Assignment — Everything from the line containing "Hawker Hurricane Classic" through the last line of the data below is to be retyped exactly, apart from the pictures.
┄┄┄┄┄┄
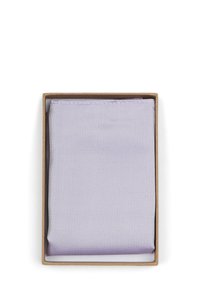 Paarse textuurstof netjes gevouwen binnen een vierkante kartonnen doos, met een subtiel patroon en een gladde rand.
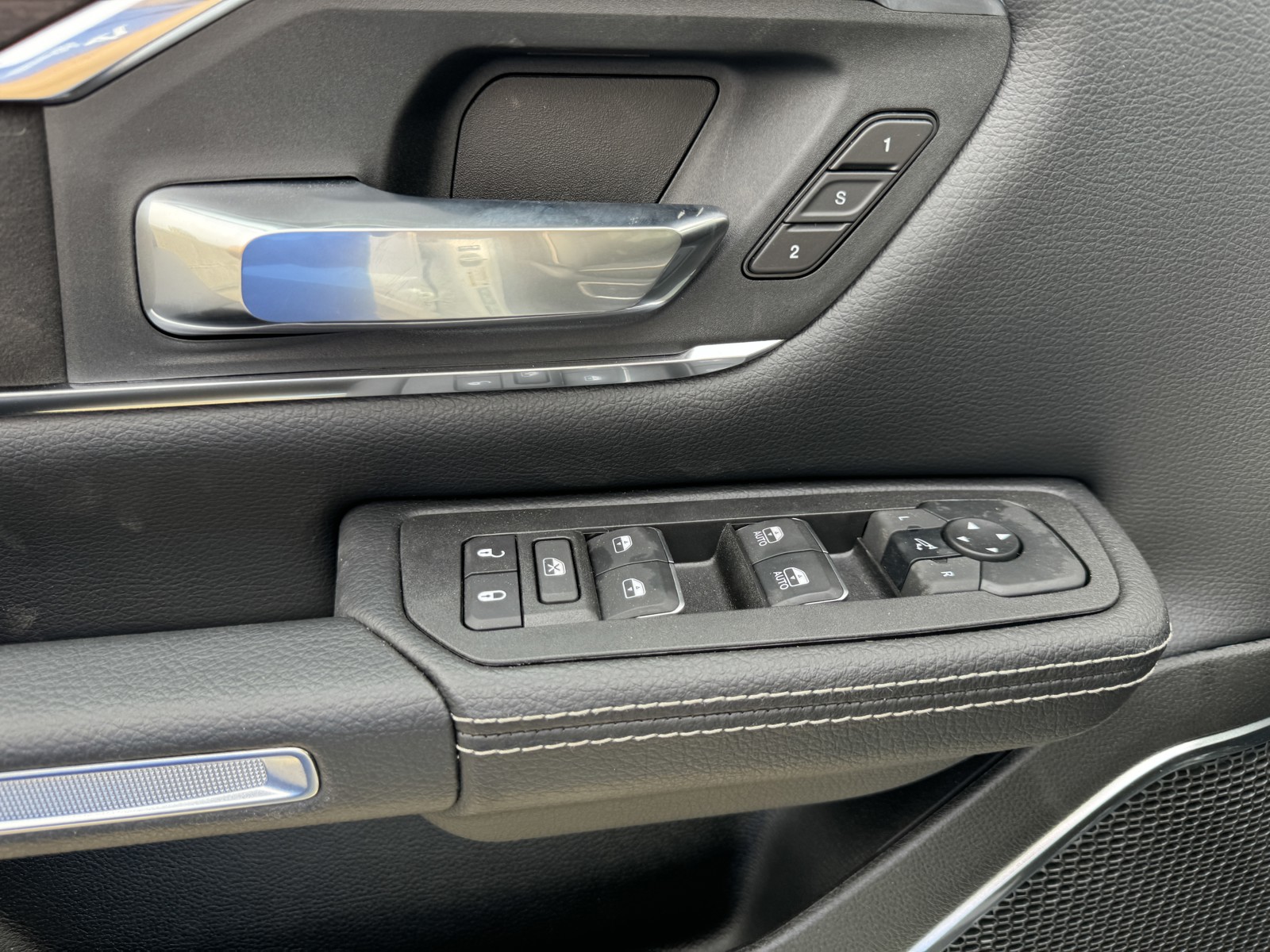 2025 Ram 1500 Laramie photo 13
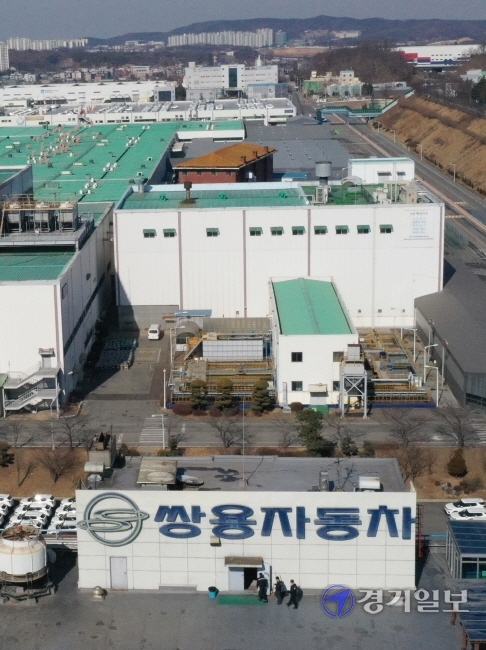 일부 협력업체의 부품 납품 중단으로 3일 공장 가동이 중단된 평택시 쌍용자동차가 한산한 모습을 보이고 있다. 이날 쌍용자동차 협력사 비상대책위원회는 정부의 실효성 있는 지원을 촉구하는 호소문을 발표했다.   조주현기자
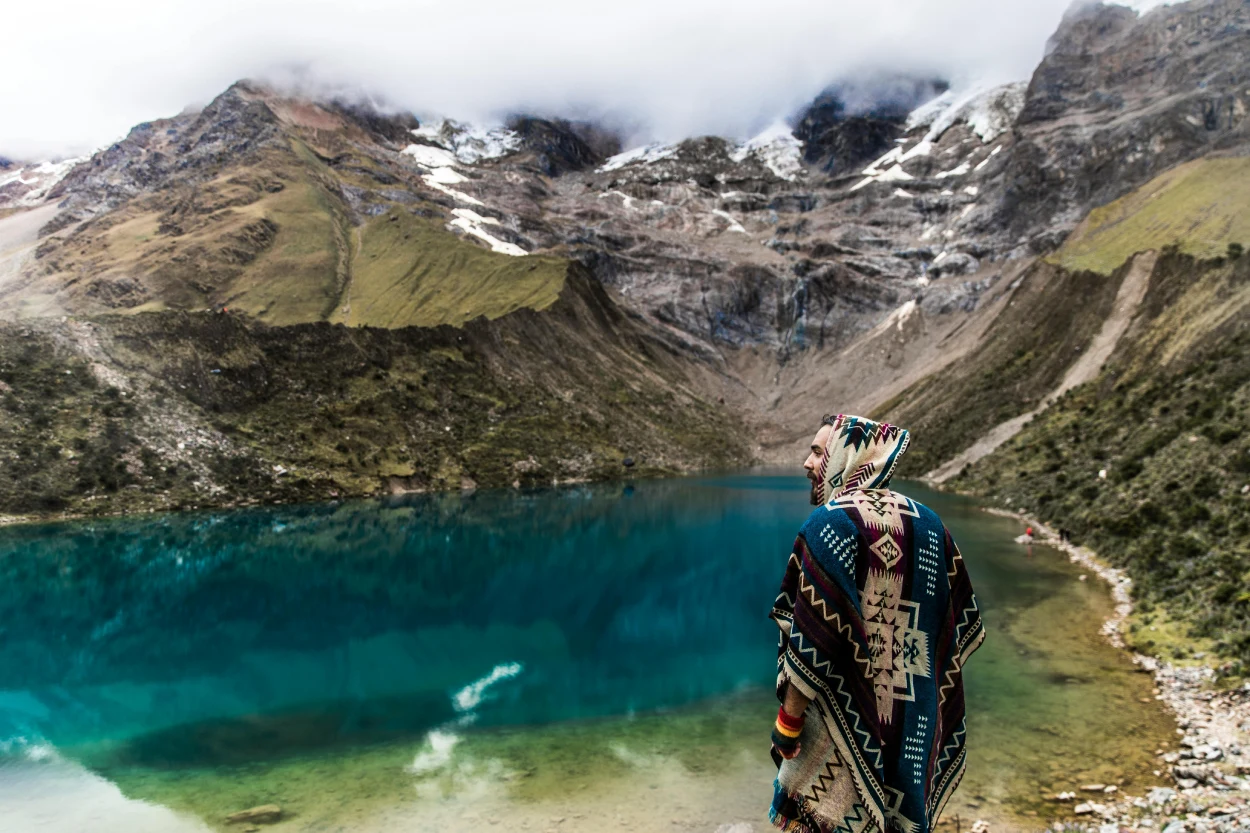 Tours-gallery-Ausangate-lake-with-tourist-looking-the-lake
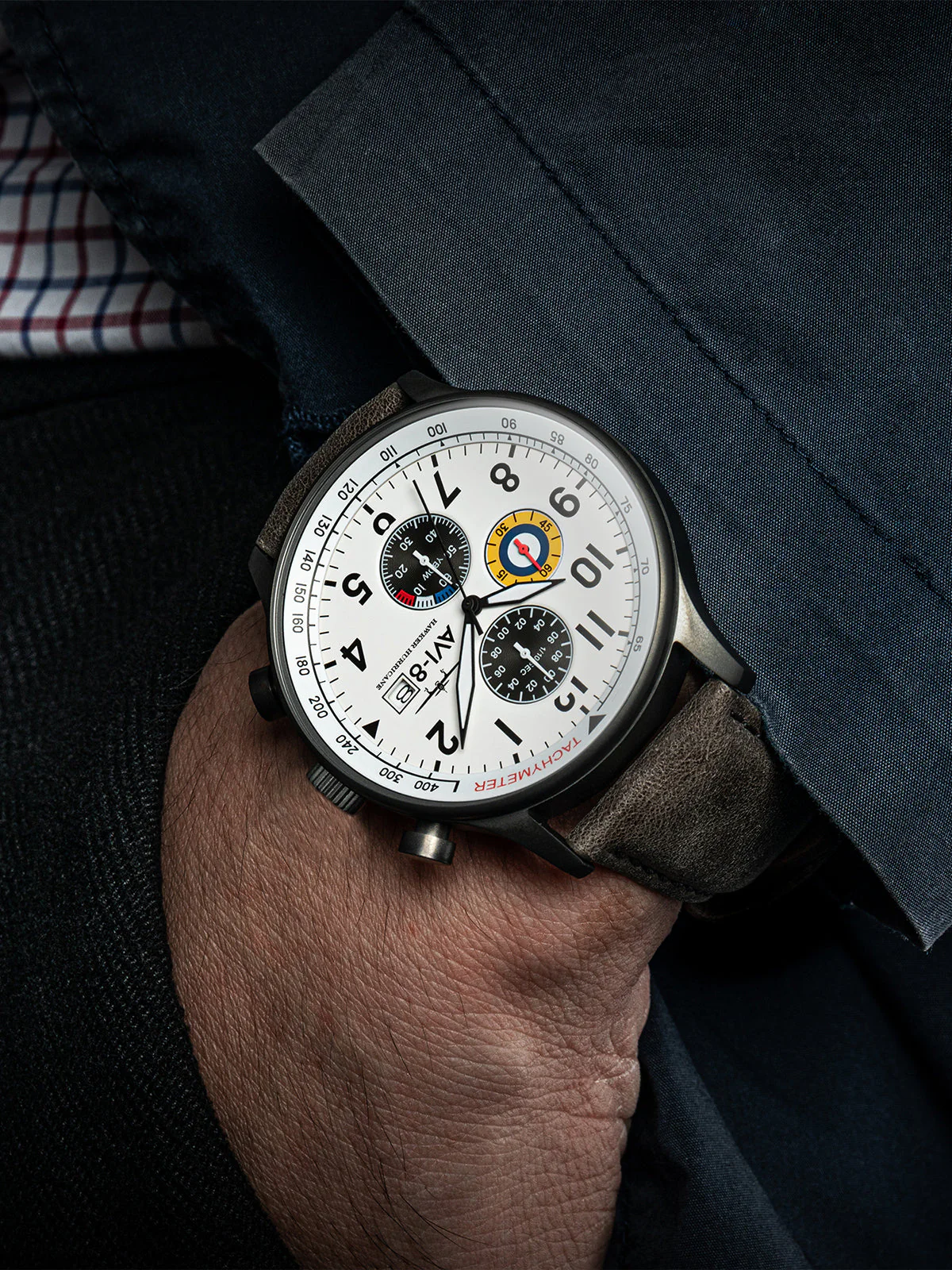 Hawker Hurricane Classic Chronograph White / Gray / Leather | White Dial - Image 4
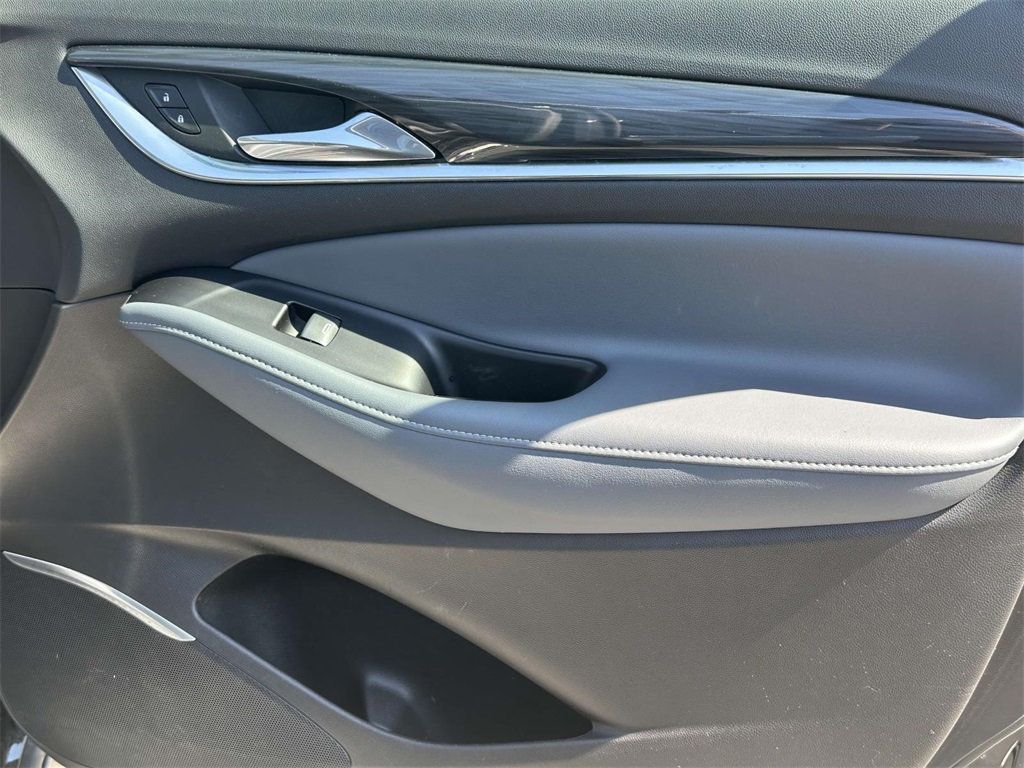 2019 Buick Enclave AWD 4dr Essence - 22375608 - 13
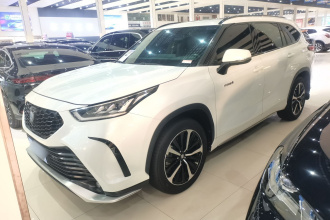 丰田 皇冠陆放 2022款 2.5L HEV四驱尊贵版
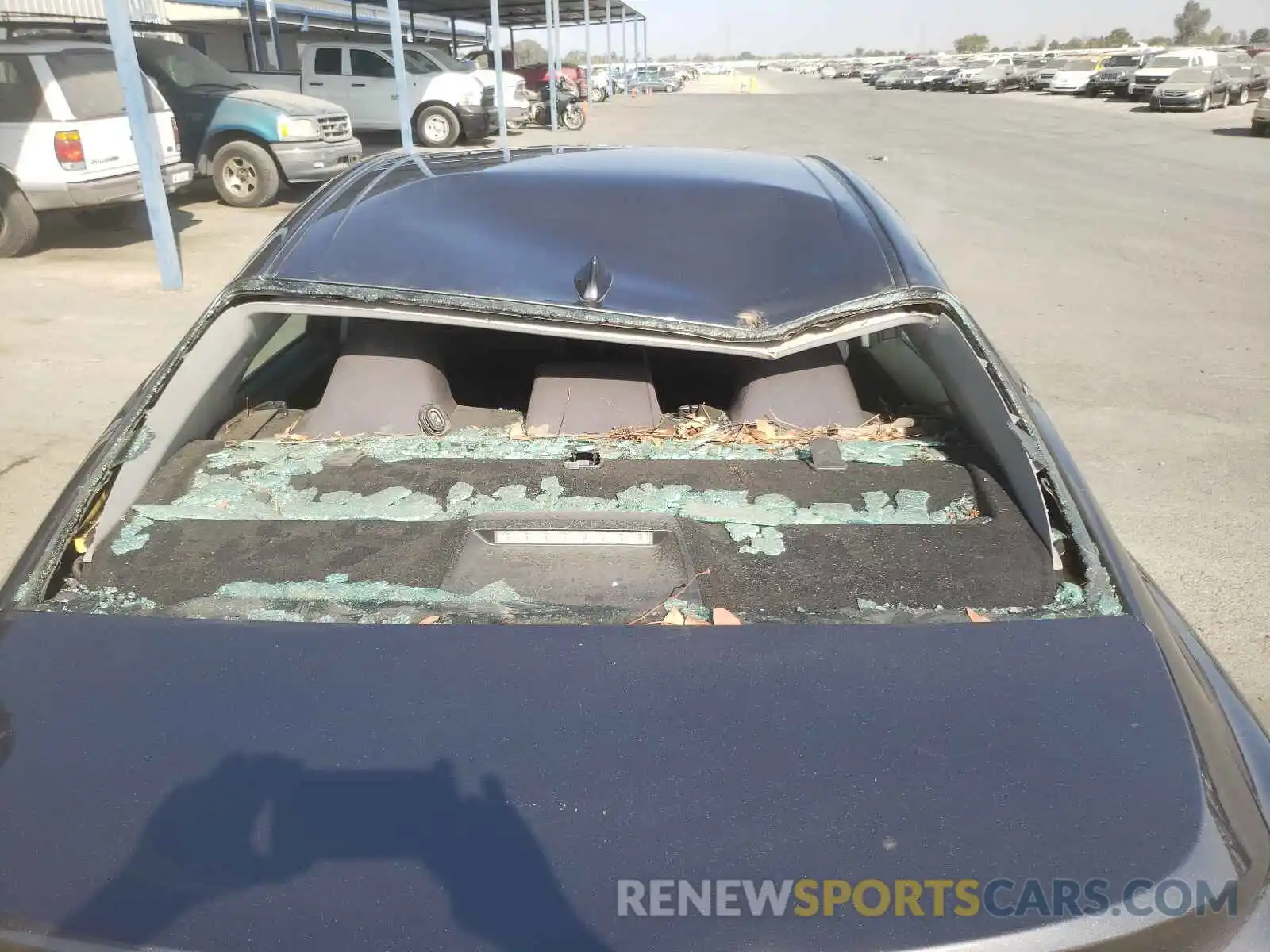 9 Photograph of a damaged car 4T1B11HK7KU775985 TOYOTA CAMRY 2019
┄┄┄┄┄┄
Response for this exercise —
 Hawker Hurricane Classic Chronograph White / Gray / Leather | White Dial - Image 4
 2019 Buick Enclave AWD 4dr Essence - 22375608 - 13
 丰田 皇冠陆放 2022款 2.5L HEV四驱尊贵版
 9 Photograph of a damaged car 4T1B11HK7KU775985 TOYOTA CAMRY 2019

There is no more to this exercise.